Вот за такой высокоинтеллектуальной беседой мы и скоротали обеденное время. Потом Соболев уехал по делам, а я вернулась к своим эскизам.

Ближе к вечеру позвонил Вадик:

– Как дела, Мата Хари?

– Нормально. Впряглась в работу. Рисую эскизы.

– Ты была сегодня в офисе?

– Угу.

– Главбух умер.

– Иди ты. Правда, что ли?

– Правда, правда. Потому и звоню.

– Но я видела его днем! Он был бодр и свеж.

– Теперь уже нет. Тебя видели рядом с ним?

Да.

– Плохо, всё плохо. Могут заподозрить.

– Меня? С какой стати? Я с ним только два слова сказала. От этого не умирают.

– Ладно. Будь осторожна вдвойне.

Вадик отключился, а я набрала Соболева:

– Что? – отрывисто сказал он в трубку.

– Чай вечером пить придешь?

– Нет. У меня неприятности.

И отключился. Да, господин Соболев, у вас большиенеприятности. И вы даже не представляете, насколько большие!
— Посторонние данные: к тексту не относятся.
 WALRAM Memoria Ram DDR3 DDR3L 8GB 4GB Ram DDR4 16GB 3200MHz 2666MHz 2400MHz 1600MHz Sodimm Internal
То ли еще будет.

Утром я поехала в офис как ни в чем не бывало. О смерти почтенного Николая Ивановича Соболев мне не сообщил, так что я как бы не в курсе. Поэтому решила работать в обычном режиме. Перед работой мне захотелось выпить кофе и обдумать спокойно план действий. Рядом с офисом было небольшое кафе. Даже, скорее, забегаловка. Еды там не было, только чай, кофе, газировка и печеньки с чипсами. К торговому залу вел полутемный коридорчик, куда выходили две двери. На одной был нарисован джентльмен в цилиндре, на другой – дама в кринолине. Из-за этой двери ясно слышались сдавленные всхлипы. Я – девушка отзывчивая. Натерпевшись в детстве, не могу спокойно пройти мимо чужого горя. А там кто-то страдает. Надо утешить. Или хотя бы попытаться.

Толкнув дверь, я остолбенела: на низком подоконнике сидела собственной персоной главный экономист Игоря Соболева и ревела в три ручья. Больше в туалете никого не было. Она подняла на меня глаза – и замерла на полувсхлипе.
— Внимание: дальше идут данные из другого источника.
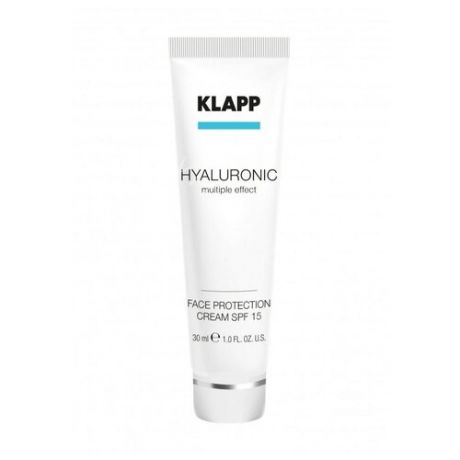 Крем для лица Klapp Hyaluronic Multiple Effect Face Protection Cream SPF 15 солнцезащитный, 30 мл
– Вероника Анатольевна, голубушка, что с вами? – подлетела я к ней.

Она досадливо поморщилась:

– Ах, Катя, никак не ожидала увидеть вас тут.

– Да и я не была готова. Зашла вот кофе попить. Почему вы здесь?
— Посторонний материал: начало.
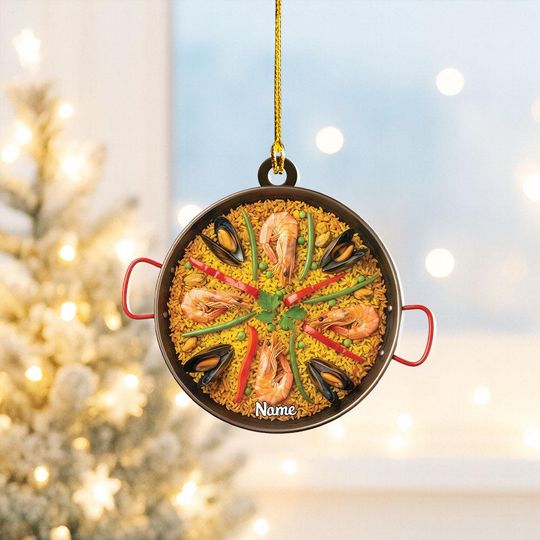Personalized Spanish Paella Christmas Ornament, Food Cuisine Ornament, Chef Cooking Ornament Gift, Kitchen Ornament Holiday Decor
– Ушла поплакать без свидетелей. Чтобы сотрудникам на глаза не попадаться в таком расклеенном виде.

– А что случилось-то? – Я присела рядом с ней на подоконник.

– Вы не знаете. Вчера Николай Иванович умер от сердечного приступа.

– Да что вы говорите? – ахнула я. – Надо же, а держался бодрячком! Как мне показалось. Ну не убивайтесь так, я вас прошу! Ничего же не поправишь. Или вас беспокоят денежные дела? Так наверняка назначат нового главного бухгалтера, не хуже, чем был!

Она сунула в сумочку насквозь вымокший батистовый носовой платок, достала из пачки бумажный, промокнула мокрые глаза, деликатно высморкалась и посмотрела на меня несчастным взглядом:

– Дело не в этом, Катенька.

– А в чем же тогда? – распахнула я глаза, приготовившись выслушать историю о том, что она лишилась любви всей жизни.

– А в том, что это я его убииилаааа. – залилась она пуще прежнего.

Я даже поперхнулась:

– То есть как – вы убили?.. Сами же сказали, что у него сердце. Вы что, напугали его чем-то до смерти?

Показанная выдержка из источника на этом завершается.